Reputation: 6891
I'm having some trouble with a csv datasource which contains some duplicate IDs. The final result however should only have the ID once. Therefore it was decided that we should only take the first instance we see and ignore any other instances.
Currently my code is abit like this:
id_list = list()
for item in datasource:
if item[0] not in id_list:
#process
id_list.append(item[0])
The problem is that when the list grows, performance drops. I'm wondering if there are more efficient ways of tracking the already processed IDs?
Upvotes: 0
Views: 319
Reputation: 239473
Use a set
object, sets are guaranteed to not have duplicates and provide fast membership testing.
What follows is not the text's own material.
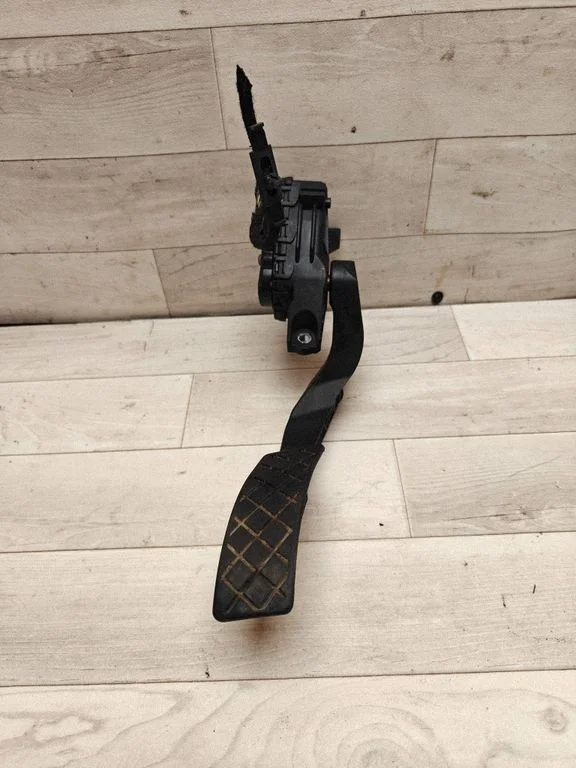 Accelerator throttle pedal 6PV00837506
You can use set
like this
id_list = set()
for item in datasource:
if item[0] not in id_list:
# process
id_list.add(item[0])
This will be better, since the lookup in set
objects will happen in constant time, as opposed to the linear time lookup in lists.
Upvotes: 5
Reputation: 2518
With reference to this question, I would suggest to use a dict.
Especially, the case of unique keys seems appropriate.
You could then try something like:
if key not in dict:
[insert values in dict]
Upvotes: 1
Reputation: 1381
Instead of using a list you can use a binary search tree ordered by the ID.
Upvotes: 0